Chapter 20
I woke up to silence that felt engineered.
Not peaceful.
Not gentle.
Deliberate.
The kind of quiet you build when you don’t want anyone overhearing you breathe wrong.
The room smelled like antiseptic and money.
Leave it to my extra ass husband to hire private care and off-the-books doctors.
But this is why we built in silence for decades, because discretion paid for it in advance.
My body hurt in ways that felt layered, like pain had decided to stack itself instead of choosing a single place to live.
I didn’t open my eyes right away.
I cataloged instead.
Left wrist: wrapped, stiff.
Ribs: bruised, but not broken.
Jaw: tender.
Head: clear.
Good.
They didn’t break my mind. That was the only thing that mattered.
“Stop pretending you’re asleep.” Zayden’s voice broke through my mental inventory. His voice was low and familiar.
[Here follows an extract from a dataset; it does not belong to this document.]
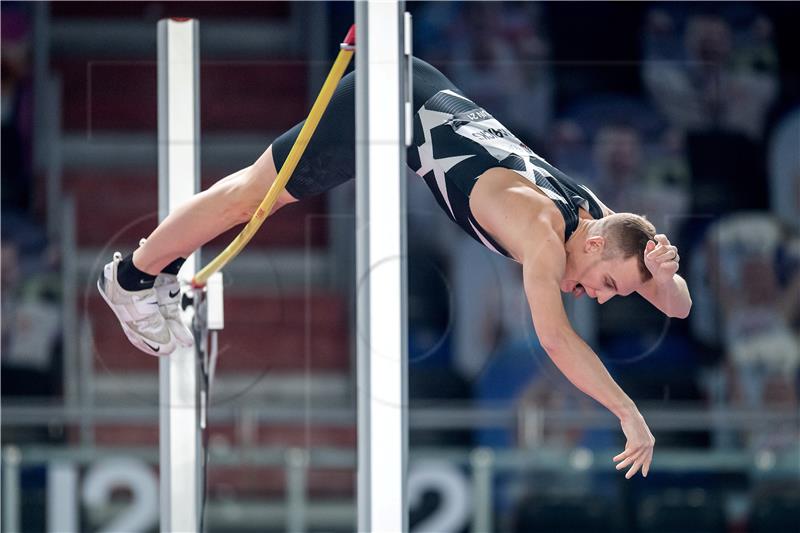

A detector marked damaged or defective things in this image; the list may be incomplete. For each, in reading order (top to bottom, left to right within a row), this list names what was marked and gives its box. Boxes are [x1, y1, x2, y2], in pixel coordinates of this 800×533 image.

bent pole [192, 26, 354, 286]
I smiled before I opened my eyes. That pissed him off every time.
“You’re late,” I said.
He exhaled slowly, like he’d been holding that breath since they pulled me out of concrete and blood.
“You almost died.”
“No,” I corrected. “I almost lost time.”
That made him sit.
The chair creaked softly beside the bed.
“That Bitch ass Nigga Charles is working with someone who served Chanel,” he said.
I turned my head slowly to look at him.
He watched me closely, like he was measuring whether I was ready to hear the rest.
“And?” I asked.
“They want testimony,” he said. “They want optics.”
He leaned forward. “Kenya—”
“I know,” I said calmly. “They’ll try again.”
Silence sat between us for a moment. Not awkward. Heavy.
“ADA called,” he added.
I laughed softly, then winced at my ribs. “That fast?”
“They’re coordinated,” he said. “Legal and financial.”
“Then Cameron’s driving,” I said without hesitation.
Zayden stiffened just slightly.
“You already knew,” he said.
“I suspected,” I replied. “I heard someone say her name during transport. But suspicion is just a theory until people get sloppy.”
“And now?”
“Now she’s bored,” I said. “So she’s escalating.”
I shifted carefully, sitting up against the pillows. My body protested, but I ignored it. Pain was background noise when your mind stayed busy.
“They won’t force me to testify,” I continued. “Not now. Not ever.”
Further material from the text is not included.